Two neurocognitive theories have been advanced to explain the local bias in autistic perception. The Weak Central Coherence4,7 (WCC) hypothesis proposes that a decreased influence, or dysfunction, of large-scale neuro-integrative mechanisms results in a reduced global or holistic representation of perceptual information, ultimately leading to a local or detailed processing style. Although the neural basis for such reduced integrative processing in ASD has yet to be elucidated, reduced neural synchrony and/or decreased functional connectivity between cortical areas8,9,10,11,12 may plausibly underlie large-scale alterations leading to relatively more efficient local analysis.

Alternatively, the Enhanced Perceptual Functioning (EPF) Model5,6 proposes that an over-functioning of lower-level perceptual mechanisms during the completion of perceptual and cognitive tasks leads to the enhanced extraction of elementary visual and auditory information. A recent functional imaging meta-analysis examining regions involved in cognitive, language and face-processing tasks has supported this view by demonstrating that early visual areas (i.e., striate (BA 17) and extrastriate areas (BA 18, 19)) are activated to a greater degree in individuals with ASD than in those without ASD13. These results are in line with the EPF's proposal of a stronger engagement of sensory processing mechanisms in perceptual tasks, including a prominent role of perception in supporting complex cognitive operations.

While both accounts are in agreement with the notion that perception in ASD is locally-oriented and sometimes enhanced, both lack clarity in terms of their underlying neural basis.
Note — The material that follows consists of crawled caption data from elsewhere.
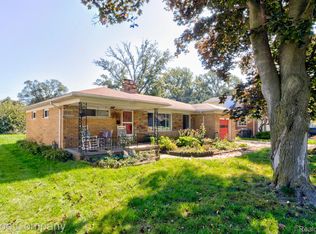 45230 Grant Park, Utica, MI 48317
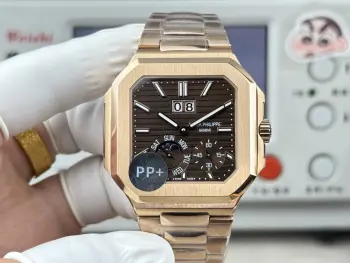 PP+Factory 2026百达翡丽重磅推出新系列CUBITUS 5822-001铂金腕表 瞬跳超大日期 星期及月相显示功能 这款Cubitus手链及表盘 既经典又时尚 优雅与高级感完美平衡 亮点特色 1  机芯:手动240珍珠陀机芯 PP+定制版本 2  钢带:316L定制级人体工程学表带 新扣款式 3  皮带胶带款式多种颜色可选择4  表壳:白壳电镀铂金材质 色泽光感更加亮眼 尺寸45mm毫米厚度仅11.8mm接近原装 PP+出品 精益求精 欢迎品鉴
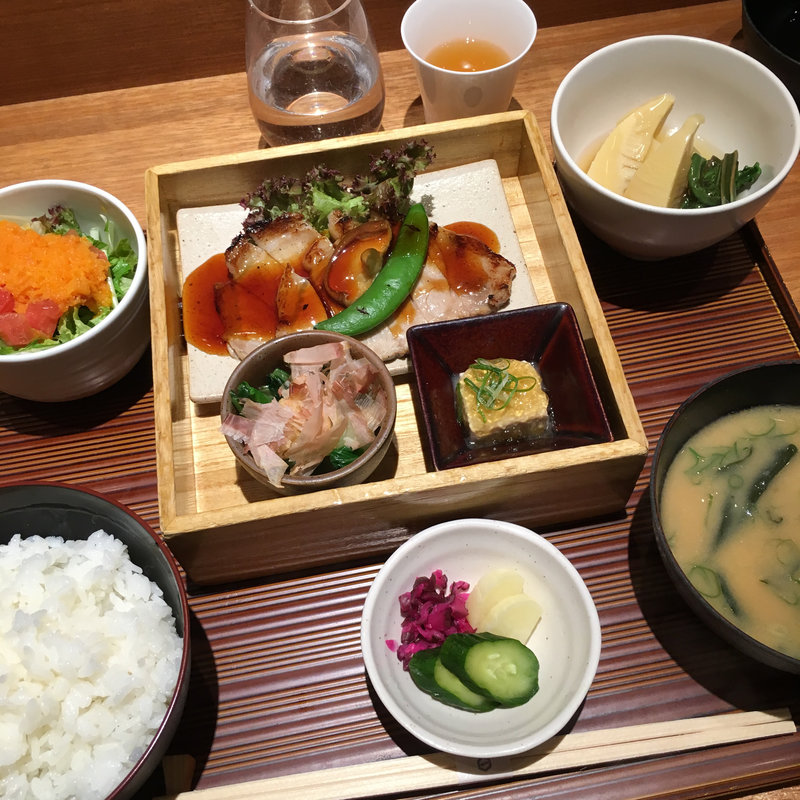 肉膳(ヒトシナヤ （Hitoshinaya）)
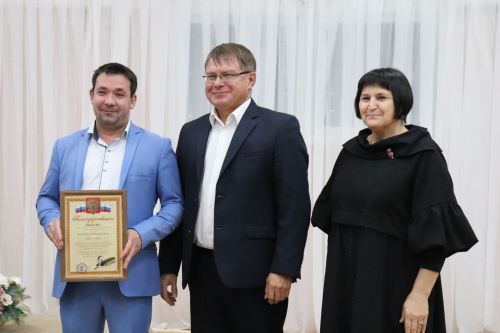 В Азнакаево население объединил День единства народов 2 ноября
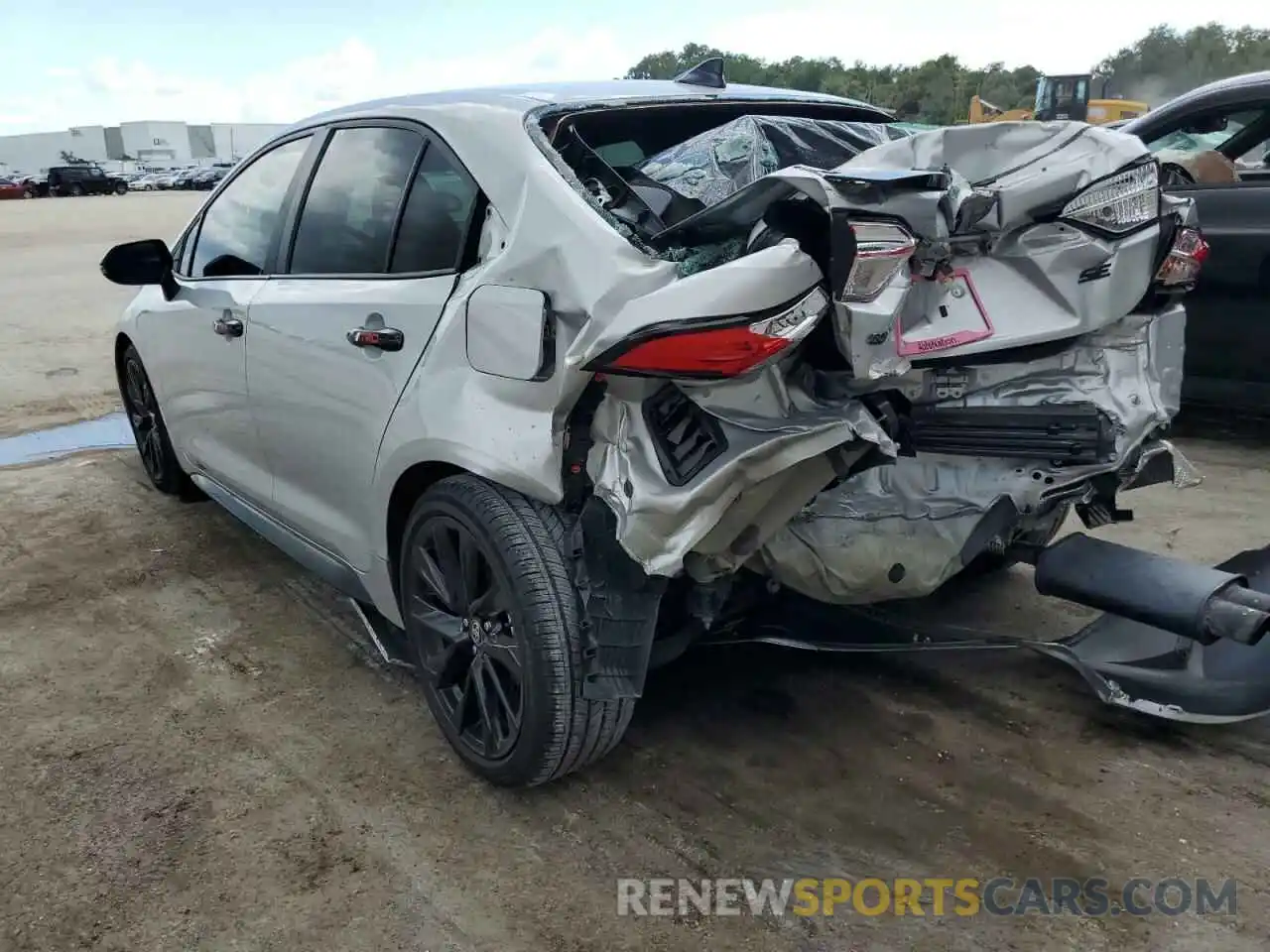 3 Photograph of a damaged car 5YFS4RCE7LP051501 TOYOTA COROLLA 2020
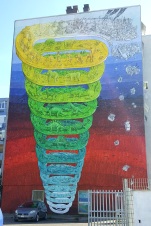 Spirale_della_storia_della_Terra_-_murales_di_Blu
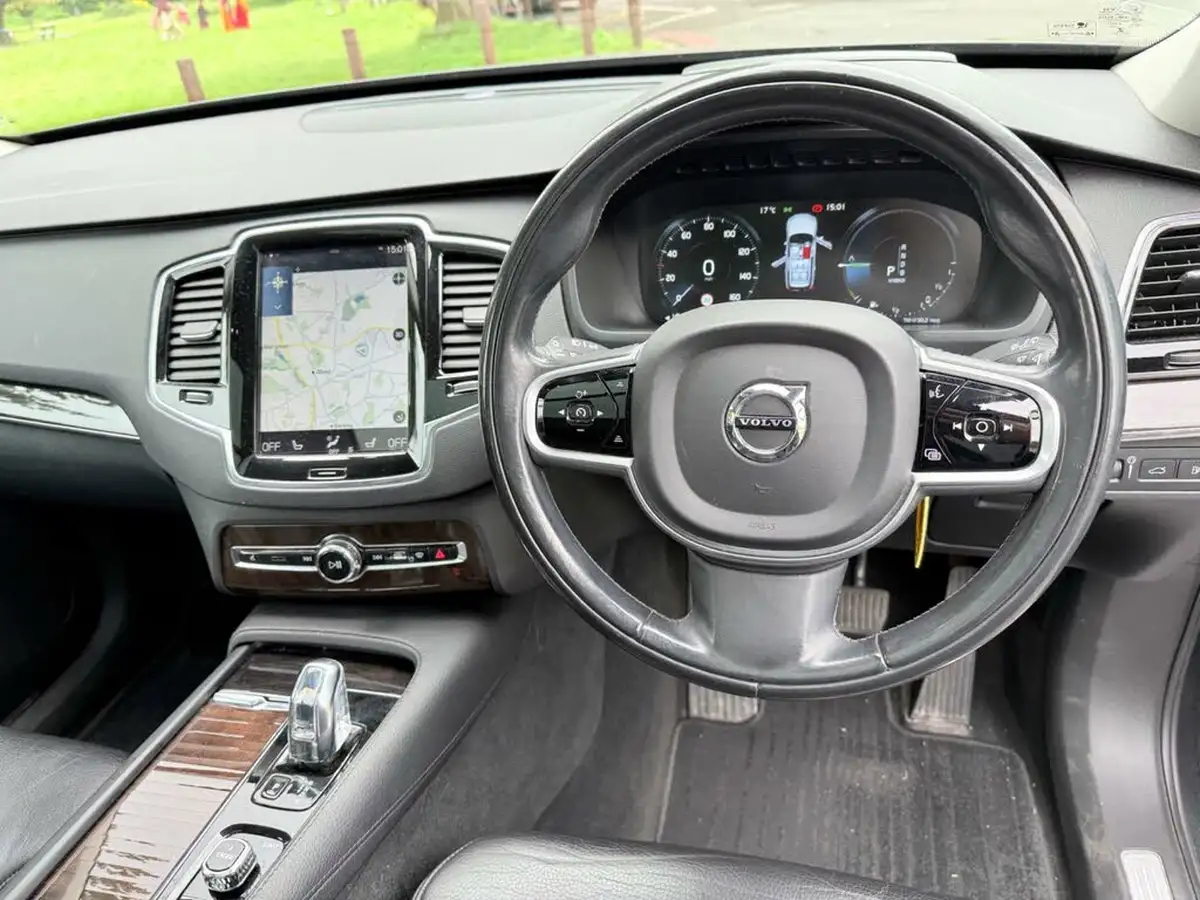2017-volvo-xc90-20-t8-momentum-momentum-hybrid-auto-big-26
One reason for this is the fact that the response properties of visual mechanisms responsible for spatial perception in ASD at early levels of processing have not been systematically explored. Studies assessing visual acuity using either clinical screening charts14,15,16 or computer-based paradigms3,17,18,19 have for the most part demonstrated that visual acuity is unremarkable in ASD, suggesting that detailed or locally-oriented visual perception in ASD is not of ocular origin. However, it is not ideal to draw firm conclusions on early visuo-spatial processing in ASD based on acuity studies where most target stimuli are considered to be broadband (i.e., Landolt-C optotypes) and do not optimally solicit selective spatial and orientation response properties defining early visual mechanisms20. The purpose of the present study was therefore to systematically assess the integrity of neural mechanisms mediating early spatial information processing in ASD by measuring contrast sensitivity functions (CSFs) in a large and well-defined group of autistic participants.

Methods

Participants

A total of twenty-one high-functioning autistic (HFA) and fifteen typically developing (TD) adolescents and adults were recruited from the Rivière-des-Prairies Hospital database and participated in the study. Using DSM-IV21 criteria, Autistic Disorder (AD) was diagnosed using the algorithm of the Autism Diagnostic Interview-Revised (ADI-R)22 combined with the Autistic Diagnostic Observation Schedule-General (ADOS-G)23, both conducted by a trained clinician-researcher (LM) who obtained reliability on these instruments. Sixteen of the participants with AD scored above the ADI and ADOS cut-off in the three relevant areas for diagnosis (social, communication, restricted interest and repetitive behaviours). Two participants missed the cut-off score in the ADOS-Communication domain but scored above cut-off on the ADI instrument. Two additional participants received their diagnosis based only on the ADI combined with a non-standardized direct assessment based on the ADOS procedure. One participant was administered an expert clinical DSM-IV diagnosis of AD following a non-standardized direct assessment based on the ADOS procedure. All of the participants with AD had histories of language delay, immediate echolalia, stereotyped language, or pronoun reversal, as assessed by the ADI. All participants with and without AD had a Wechsler Full Scale IQ (FSIQ) greater than 80. Comparison participants and their first-degree relatives were screened with a questionnaire for history of neurological or psychiatric disorders. Autistic and non-autistic participants were matched in terms of Wechsler FSIQ and age (see Table 1). All participants had a normal or corrected-to-normal far and near vision that was assessed before testing using both near and far acuity charts (i.e. near point directional E- and C cards, Snellen letter sequence-A-new Logmar). All participants gave written, informed consent before participating. The study was conducted according to the Declaration of Helsinki and was approved by the ethics committee of Hôpital Rivière-des-Prairies in Montréal, Canada. All participants completed all experimental conditions, which were presented in a counterbalanced manner.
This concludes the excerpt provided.